Next, Andrew T. Levin (Professor of Economics, Dartmouth College) examined the efficacy of proposed "make-up strategies" through which the Fed could compensate for prior failures to achieve its policy goals. Levin cautioned that make-up strategies are inherently risky, for three key reasons. First, the public may not trust the Fed to carry through on a given make-up strategy, rendering the Fed's policy changes impotent. Second, and relatedly, is the challenge of "imperfect credibility." The less credible a central bank is, the less capable it will be of influencing market behavior. Finally, Levin pointed to "model uncertainty." Any make-up strategy the Fed might adopt would rely to some degree on economic modeling. But models are not mirrors of reality, and can at best only estimate the results of policy decisions.

Charles W. Calomiris (Henry Kaufman Professor of Financial Institutions, Columbia Business School) began his presentation with what he called an "optimistic prediction": that central bank transparency is likely to improve, rather than deteriorate, in the near future. Calomiris attributed his rosy outlook to the phenomenon of natural language processing (NLP) software, which can detect characteristic markers of obfuscation in one's speech or writing. Using NLP techniques like Fleish-Kincaid and "prattle scores," Calomiris showed, we can now highlight vague, meaningless, or redundant language in Fed policy statements. He also explained that our lack of a systematic policy framework disincentivizes transparency, by making central bankers shy away from accountability. As a result, many of the Fed's policy statements are reprisals of those prior, and contain language that can be interpreted to coincide with any outcome. NLP is likely to become more popular and advanced in the coming years, Calomiris predicted, especially in a monetary system like ours where "the policy statement is the policy."

Panel 4: Creating an Optimal Monetary System for a Free Society

The final panel of the day looked forward, with speakers considering the optimal monetary system for a free society.
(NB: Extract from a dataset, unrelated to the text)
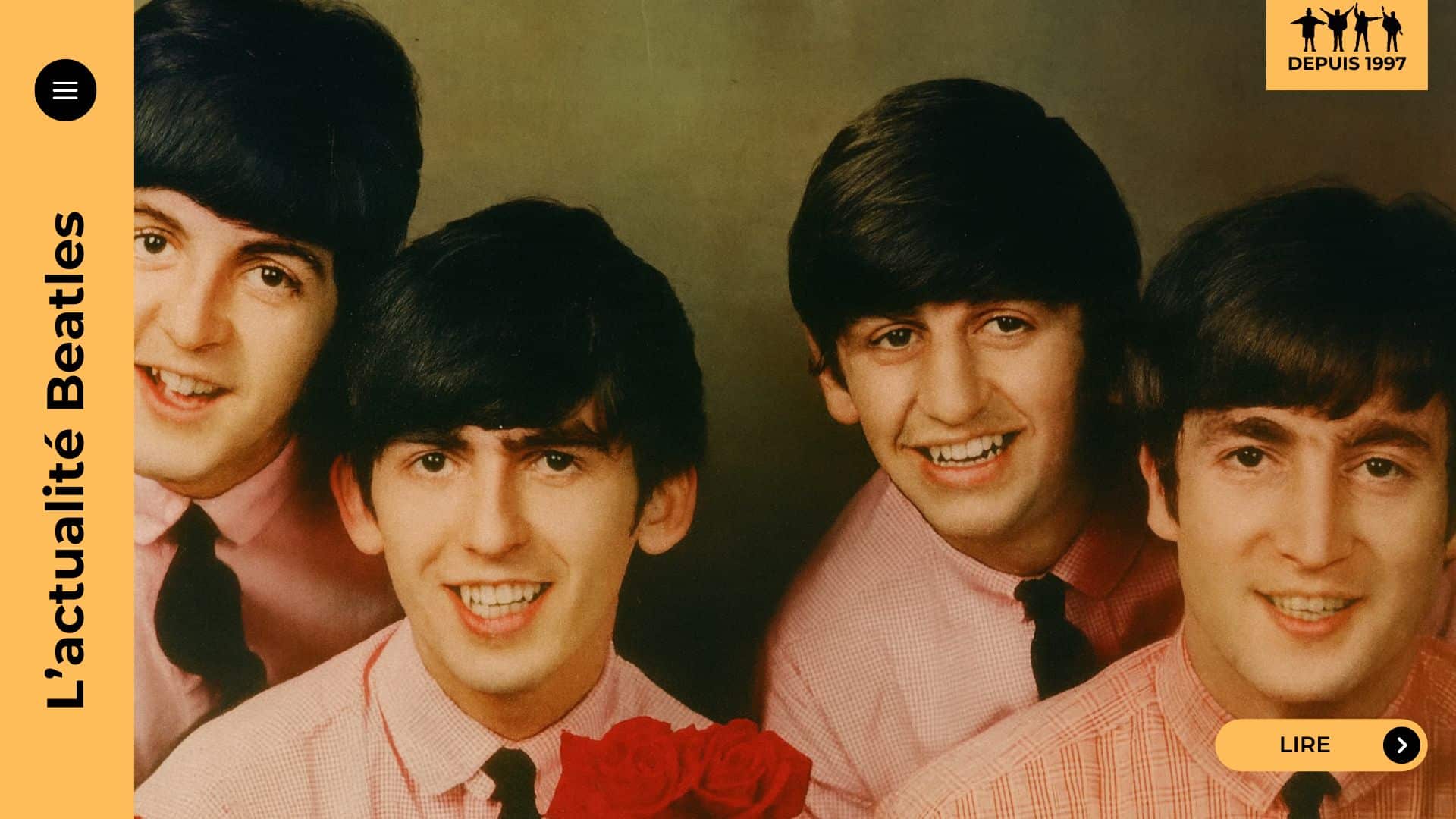 Découvrez Early 1970, la chanson de Ringo Starr qui dévoile avec humour et sincérité les tensions et l’amitié entre les Beatles après leur séparation.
Bloomberg Businessweek's economics editor Peter Coy engaged panelists in a conversation about banking regulation, monetary stability, and the path to a more efficient operating framework.

George Selgin (Director of Cato's Center for Monetary and Financial Alternatives) began by asking: can markets handle money better than central banks can? "In one sense, definitely yes," said Selgin, but added the caveat: "when you let them." Historically, banking has been a highly regulated sector. Yet Selgin pointed to cases—such as the Scottish and Canadian free banking eras—where deregulation of the banking sector heightened monetary stability and improved trust in the markets. Selgin also noted that many of the deregulation "horror stories" touted out today fail to mention the outsized role that misguided regulations have played in creating, or prolonging, financial crises throughout history. In many cases, over- or improperly regulated banks have been and remain "the main source of banking instability. Certainly, that's been true in the United States," he said. Selgin also discussed the role that our present fiat dollar should have under an ideal operating framework. While one school of thought insists that fiat currency should be eliminated outright, he cautioned that the free market does not have a particularly good track record when it comes to creating money from scratch. Instead, he suggested, the value of the dollar should be tied to a predetermined monetary rule. Tying its value to something like a gold standard would be more difficult than a quantity rule, he said. The latter at least has "the merit of being possible in an age where trust in convertibility contracts," and the banking system in general, continues to depreciate.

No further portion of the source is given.